THE PROBLEM:
Pictures aside, reproduce exactly and only the lines from the one containing "Tuozi BLACK Venit Plus 78 inox Cene" through the end of the records.

== == ==

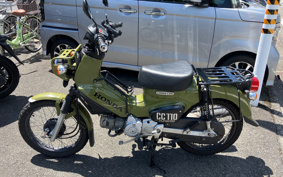 HONDA CROSS CUB JA45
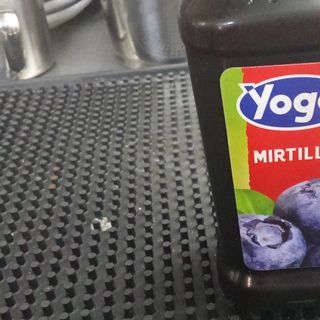 Succo mirtillo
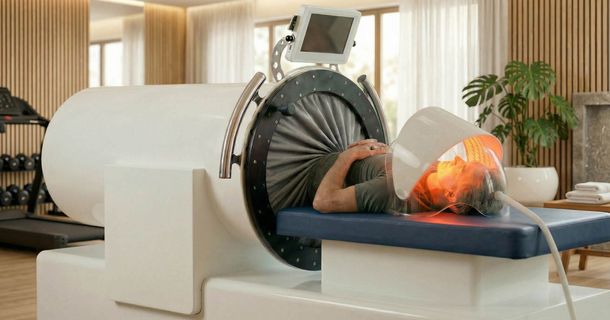 Von der Raumfahrtmedizin zur Longevity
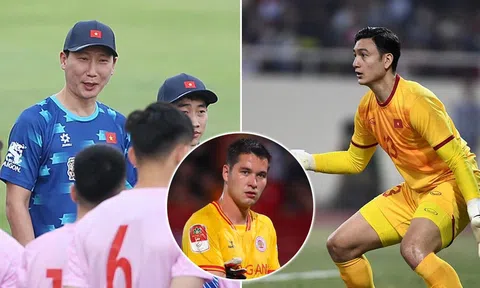 Tin bóng đá tối 3/6: ĐT Việt Nam chia tay 4 ngôi sao; Đặng Văn Lâm tiết lộ bất ngờ về Filip Nguyễn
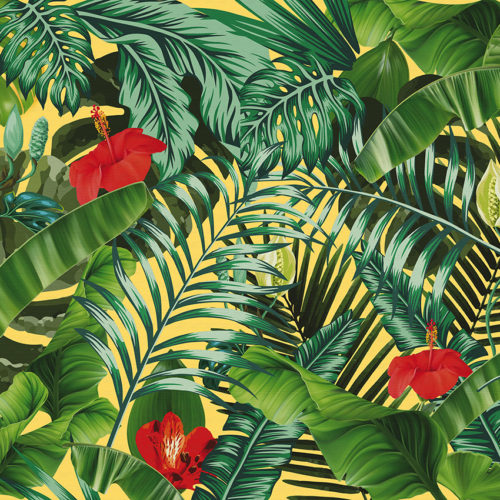 2002 A03 jungle fiori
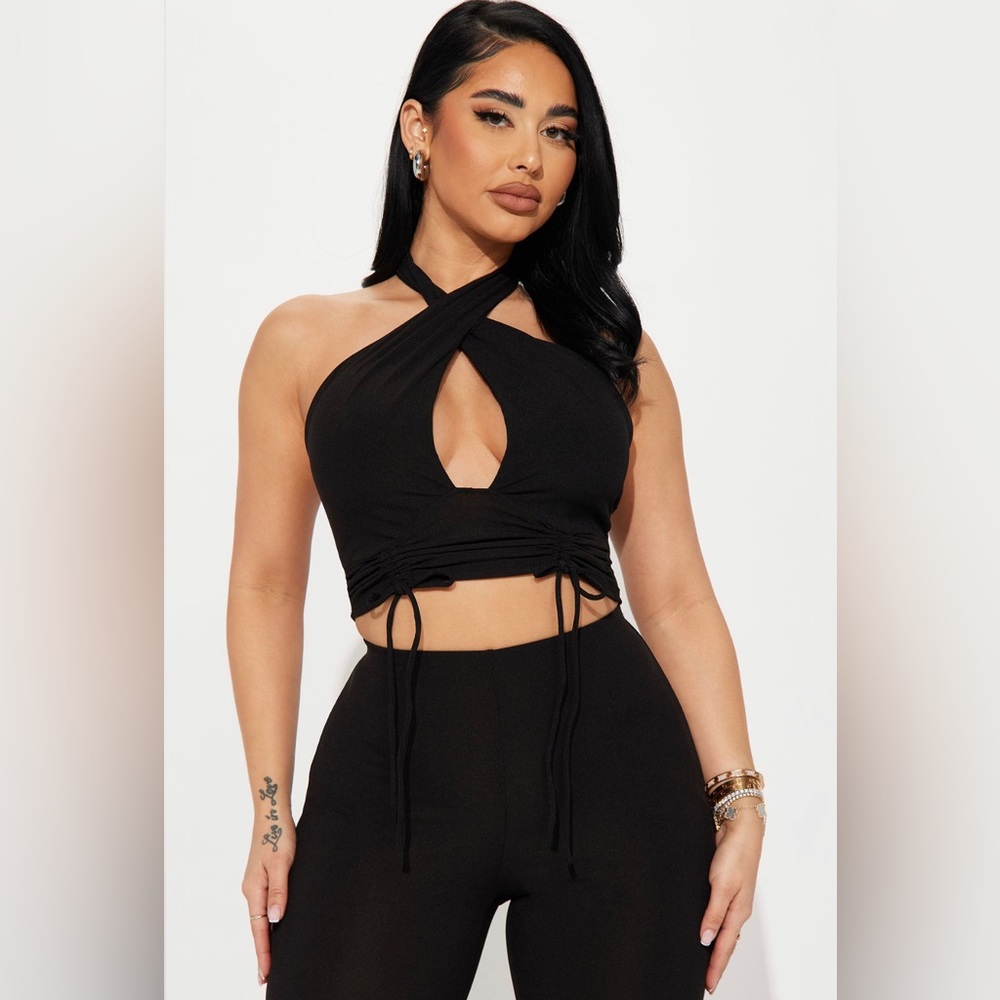 Fashion Nova Skirt Set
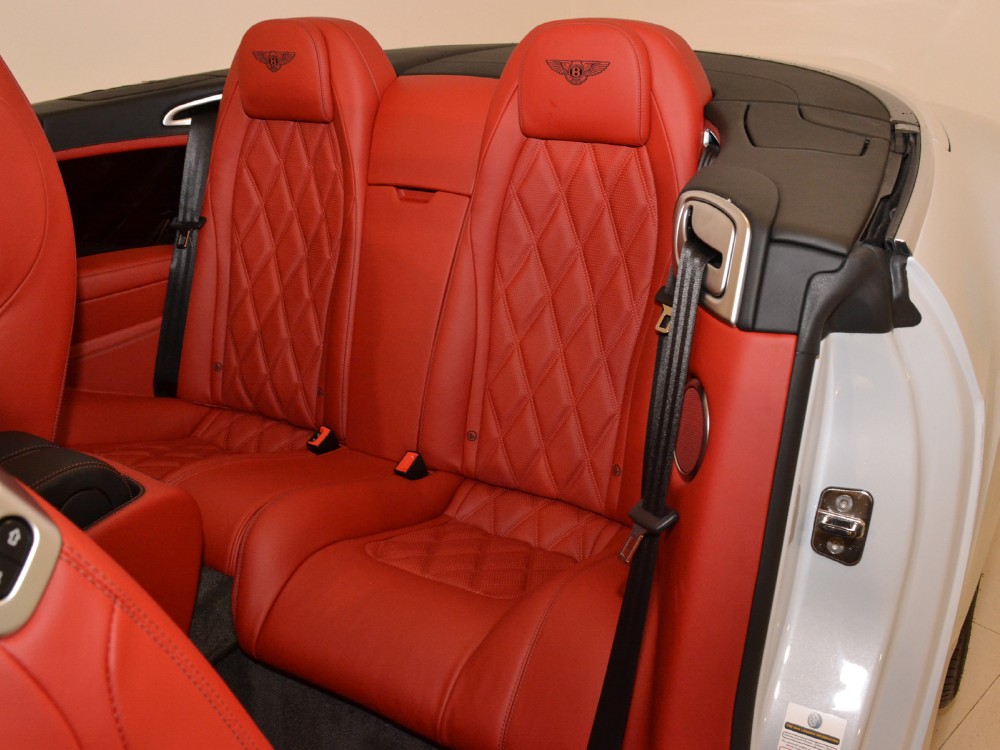 2013 Bentley Continental GT Convertible Image 23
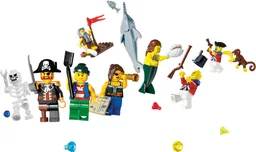 Pirates Advent Calendar 2009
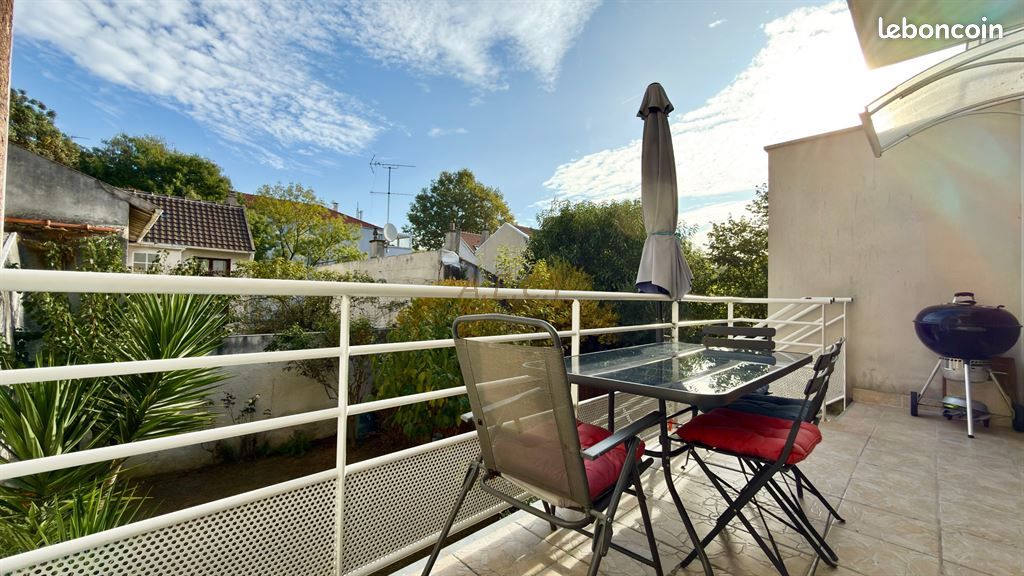 Appartement 4 pièces 126 m² · à Gennevilliers · 126 m² · 625 000 €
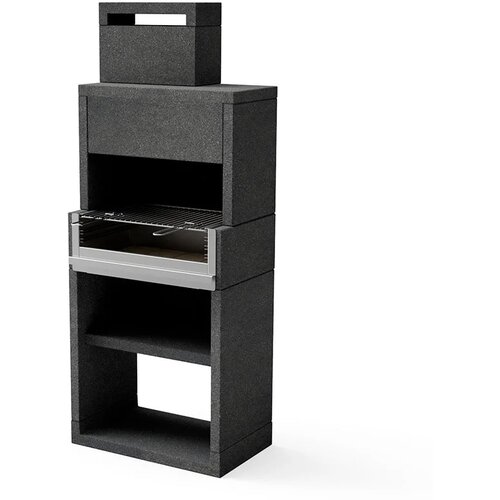 Tuozi BLACK Venit Plus 78 inox Cene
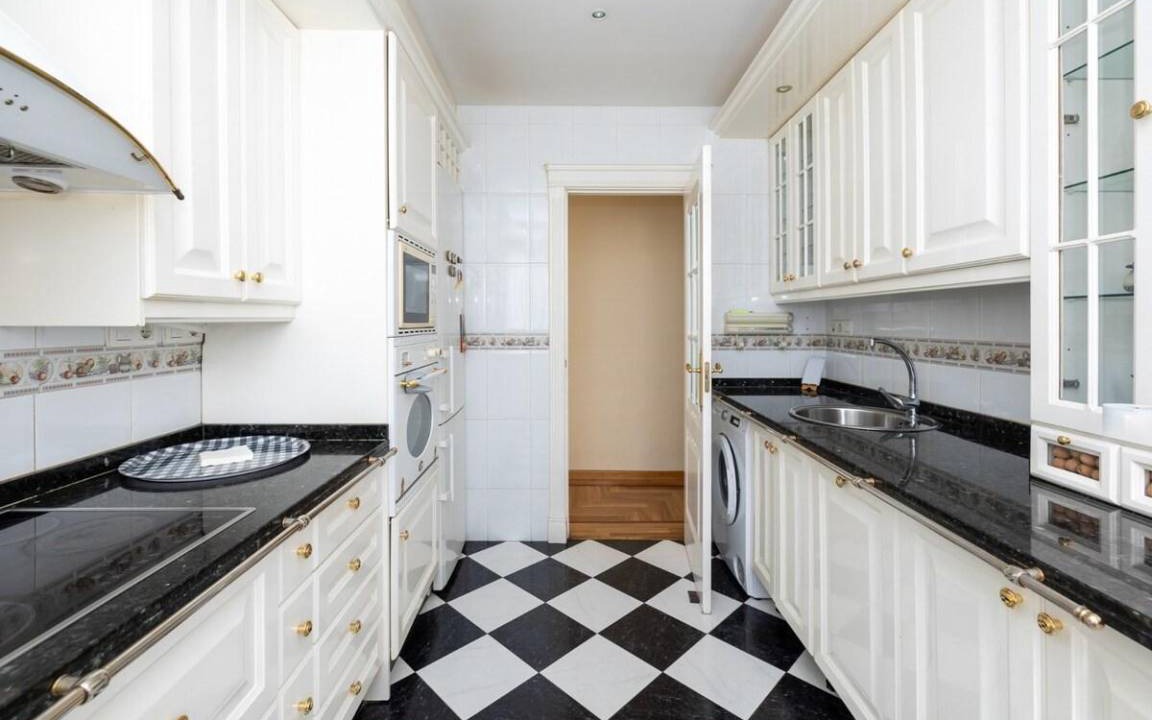 Photo of Kitchen in Camino de Ronda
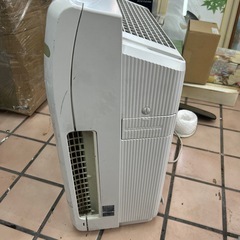 ダイキン 空気清浄機 光クリエールの画像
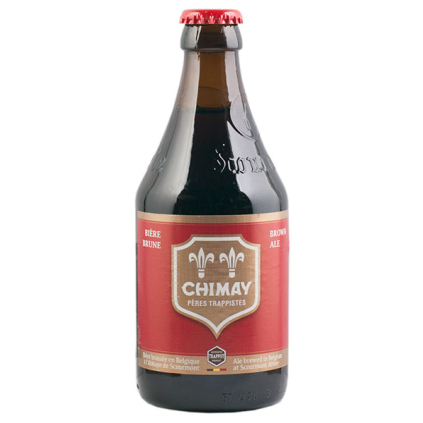 Chimay Brune 330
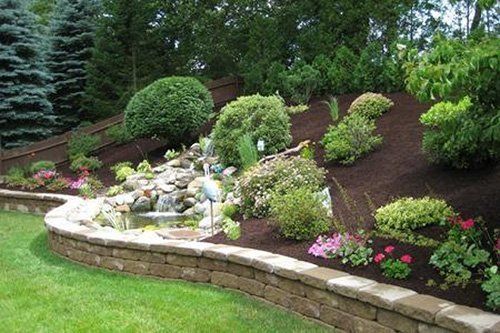 landscape design Schenectady, NY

== == ==

ANSWER SPACE:
 Tuozi BLACK Venit Plus 78 inox Cene
 Photo of Kitchen in Camino de Ronda
 ダイキン 空気清浄機 光クリエールの画像
 Chimay Brune 330
 landscape design Schenectady, NY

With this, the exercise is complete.